# I just noticed something?



## drhowarddrfine (Mar 31, 2020)

It seems this forum is starting to become infected with something I've seen on other forums? In titles specifically? Someone will start a post and title it with a statement? Their statement is about the issue they want to fix?

Have you noticed this same thing starting to happen here, too.


----------



## SirDice (Mar 31, 2020)

drhowarddrfine said:


> Someone will start a post and title it with a statement? Their statement is about the issue they want to fix?

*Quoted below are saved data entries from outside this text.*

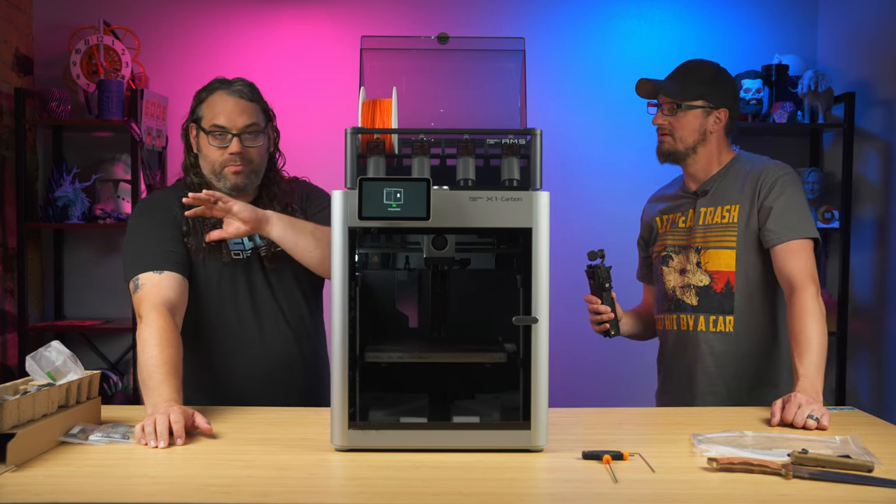It was a little over two hours to print all the parts for each carabiner. Both were printed in the same orientation. The orange one is PLA Basic from Bambu Lab; the black one is PA6 glass-fill — nylon glass-fill — also Bambu Lab filament. I just tossed them in the AMS, it detected them, and I hit print. This one should be stronger. I was really hoping they're both strong because I don't want to fall.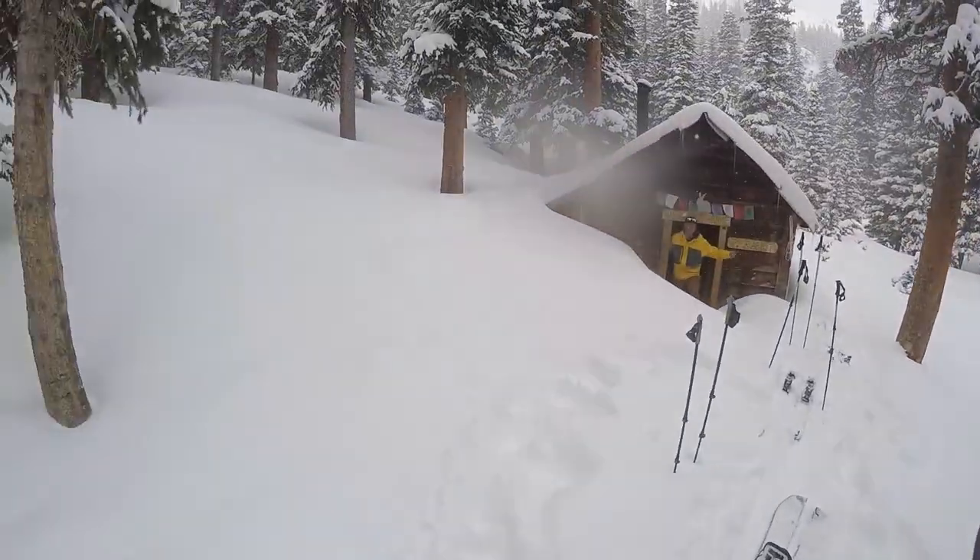What's up guys, TJ here. Today is my first day splitboarding — I'm at Berthoud Pass, super stoked, couldn't ask for better conditions. We're just at the bottom of our loop right now, gonna send it up the hill, do some touring, and try to get some nice pow laps in. Today I'm going to talk about my Voile universal splitboard bindings — it's my first day on them and I'll share my first impressions on those bindings and splitboarding in general.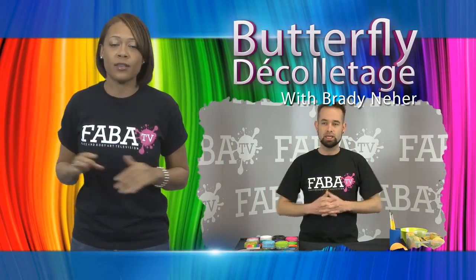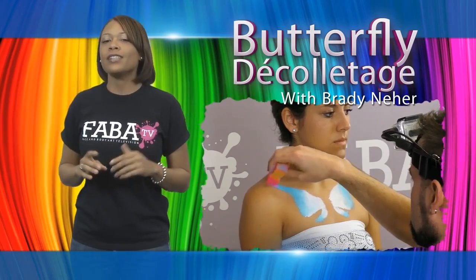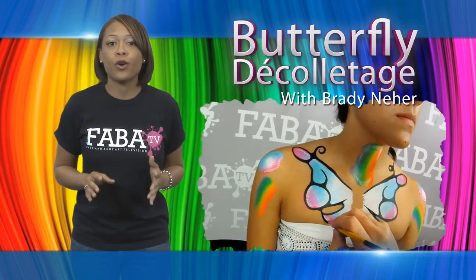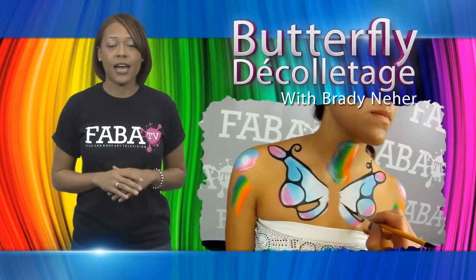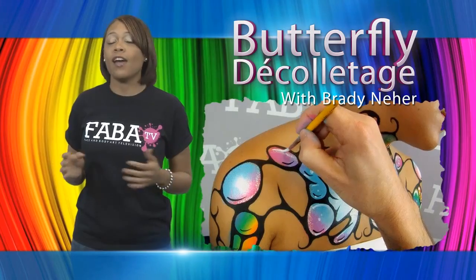This class is designed for all levels of painters. Brady teaches basic sponge and brush techniques, as well as a few secrets of his own. You will learn how to take basic shapes, swirls, and lines to create a unique spin on traditional design. The décolletage is a nice alternative after a long day of painting faces.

It's difficult for a lot of people to think of a good title that covers the post. So they take the short route and just put the question in the title. I'm just glad it's at least something more meaningful than "I need help" or "It doesn't work".


----------



## unitrunker (Mar 31, 2020)

Getting the poster to stick to facts and observations - and skip any premature conclusions is the hardest part. The statements-as-questions do not help.


----------



## SirDice (Mar 31, 2020)

unitrunker said:


> Getting the poster to stick to facts and observations


Yes, please! Some people feel the need to explain what their dog had for dinner too. Completely unrelated stuff gets thrown in with their questions.


----------



## drhowarddrfine (Mar 31, 2020)

SirDice said:


> So they take the short route and just put the question in the title.

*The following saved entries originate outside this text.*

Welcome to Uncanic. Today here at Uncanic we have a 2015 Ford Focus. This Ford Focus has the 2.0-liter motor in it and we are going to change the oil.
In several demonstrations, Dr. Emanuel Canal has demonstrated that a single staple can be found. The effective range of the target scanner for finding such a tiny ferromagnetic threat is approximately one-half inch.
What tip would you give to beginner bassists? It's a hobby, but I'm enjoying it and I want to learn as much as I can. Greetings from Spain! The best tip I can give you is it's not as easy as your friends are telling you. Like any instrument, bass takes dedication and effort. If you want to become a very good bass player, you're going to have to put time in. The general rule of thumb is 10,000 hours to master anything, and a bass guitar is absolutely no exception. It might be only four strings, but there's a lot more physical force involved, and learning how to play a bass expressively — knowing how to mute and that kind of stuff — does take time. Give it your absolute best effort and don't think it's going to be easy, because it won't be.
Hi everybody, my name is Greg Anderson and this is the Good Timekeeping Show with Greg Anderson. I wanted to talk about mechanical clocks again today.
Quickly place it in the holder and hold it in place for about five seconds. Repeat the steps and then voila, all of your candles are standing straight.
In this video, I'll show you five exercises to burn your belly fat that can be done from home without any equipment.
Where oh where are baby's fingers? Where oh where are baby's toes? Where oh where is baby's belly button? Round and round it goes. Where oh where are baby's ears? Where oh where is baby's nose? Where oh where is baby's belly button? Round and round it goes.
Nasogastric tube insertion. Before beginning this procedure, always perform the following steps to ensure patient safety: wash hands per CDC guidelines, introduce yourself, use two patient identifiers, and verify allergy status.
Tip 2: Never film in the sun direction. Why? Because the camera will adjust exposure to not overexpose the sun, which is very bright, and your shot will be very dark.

My point is that they make a statement with a closing question mark which doesn't belong. As I did in this thread.


----------



## Sevendogsbsd (Mar 31, 2020)

Agree, the questions in the title are annoying because they don't give any info when you are scanning topics. I always try to make a title be descriptive so that when someone reads it they have a clue what I am trying to ask.


----------



## kpedersen (Mar 31, 2020)

drhowarddrfine said:


> My point is that they make a statement with a closing question mark which doesn't belong. As I did in this thread.



Where I live in Southern England, the local accent here means that people seem to end every sentence with a higher pitch like they are asking a question. I just thought I was doing a good job at spreading the word of FreeBSD around my local area and they were just gravitating towards these forums haha.


----------



## Atarian (Apr 1, 2020)

If I see a post title like that, I read it with a Valley Girl accent with vocal fry.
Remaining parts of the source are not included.